Atmosphere Ocean Science Colloquium
Stirring, Mixing, Growing: the relevance of scale awareness for plankton modeling
Speaker: Francesco Paparella, NYUAD
Location: Warren Weaver Hall 1302
Date: Wednesday, October 23, 2019, 3:30 p.m.
Modeling life is the new frontier in environmental sciences. Climate modeling, fisheries management, marine conservation and antropic impact studies are examples of subjects where mathematical models must encompass both fluid dynamical and ocean biochemical processes.
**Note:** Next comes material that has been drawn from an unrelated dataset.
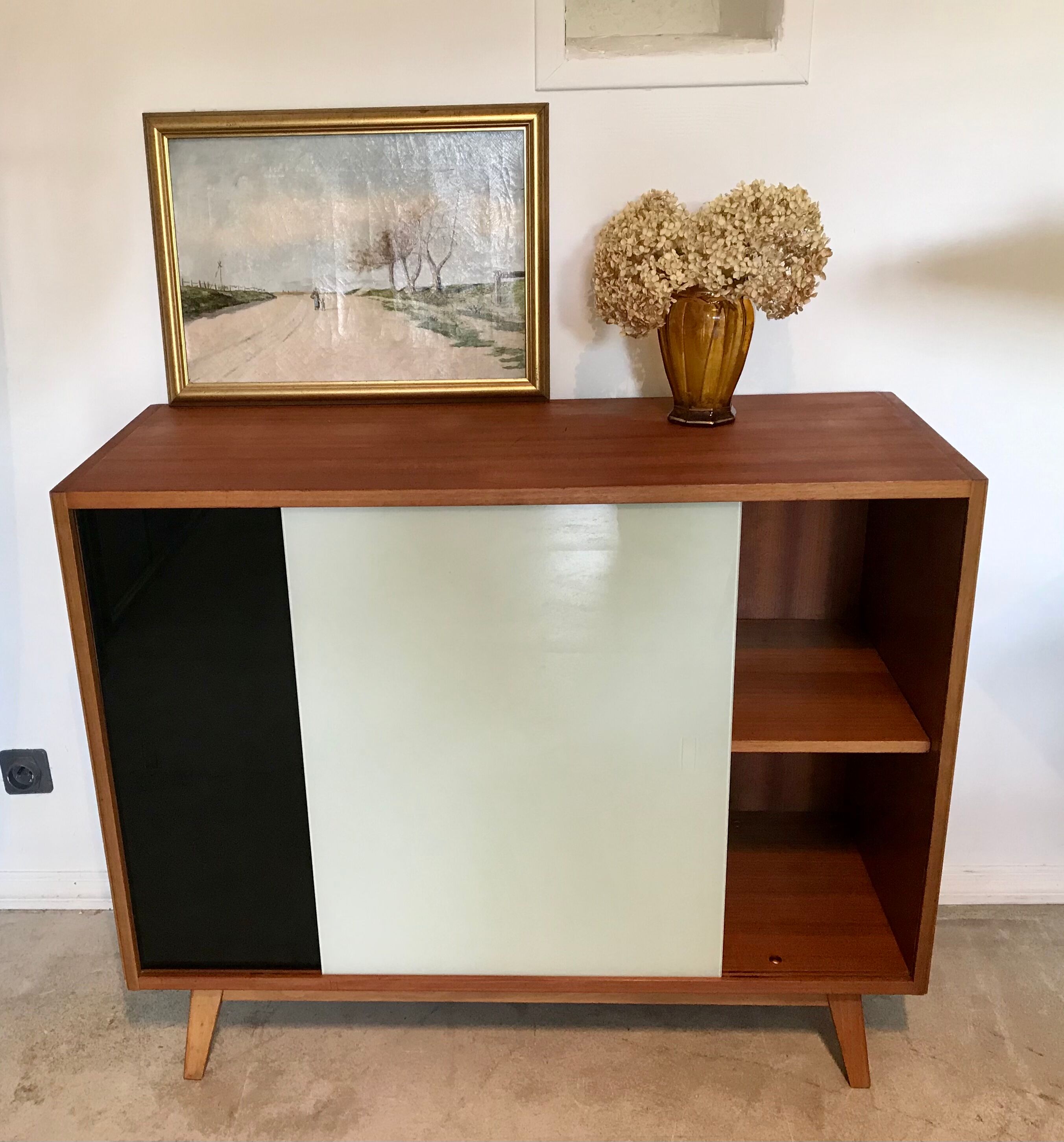 Buffet showcase vintage feet compass sliding doors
Much of the difficulties in this endeavor stem from the fact that those processes occur on vastly different spatial scales.
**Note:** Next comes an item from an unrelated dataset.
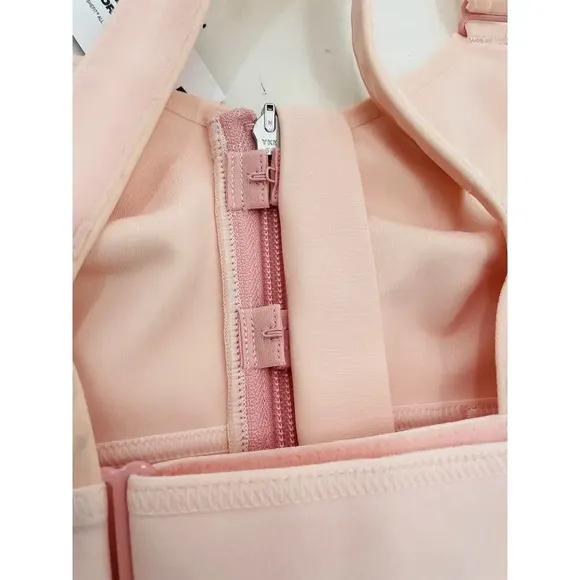 SheFit NWT Flex Sports Bra Size Small Medium Impact Blush Pink LUXE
I will argue that including biochemical terms in conventional, grid-based, under-resolved ocean models inevitably generates spurious biases, and that the search for effective rates or bulk formulae of general validity should be considered as quixotic.
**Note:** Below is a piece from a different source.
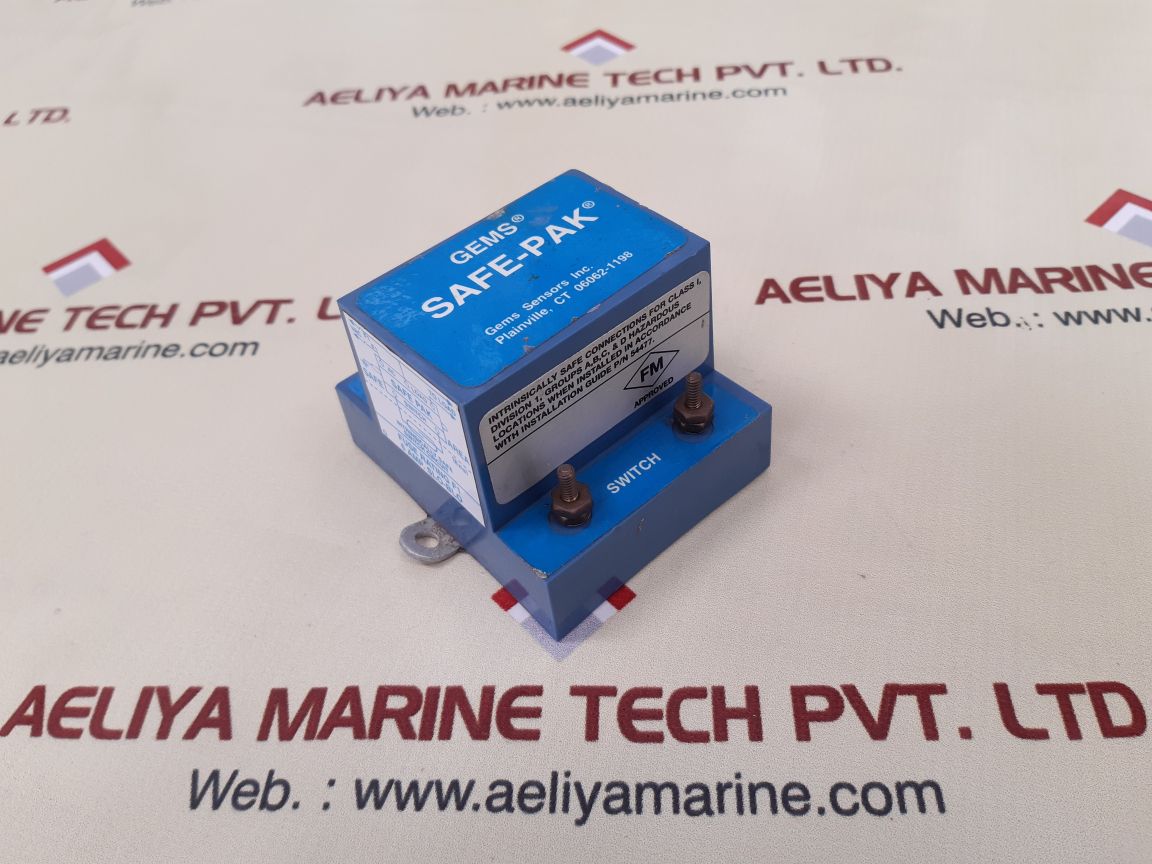 Gems st-44075 safe-pak sensors 120 vac 60 hz used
I will show that by giving up the conventional Eulerian modeling approach, and embracing a new Lagrangian approach where the fundamental processes of stirring, irreversible mixing and biochemical growth/decay are kept distinct, with parameters whose value remains unconstrained by the other processes, those biases may be avoided, even when the model does not resolve all the scales of motion present in the flow.
Finally, I will illustrate a practical application of the Lagrangian method by discussing the phenology of phytoplankton blooms in the open ocean, and why any believable theory of planktonic blooms should be aware of fine- and micro-scale plankton patchiness.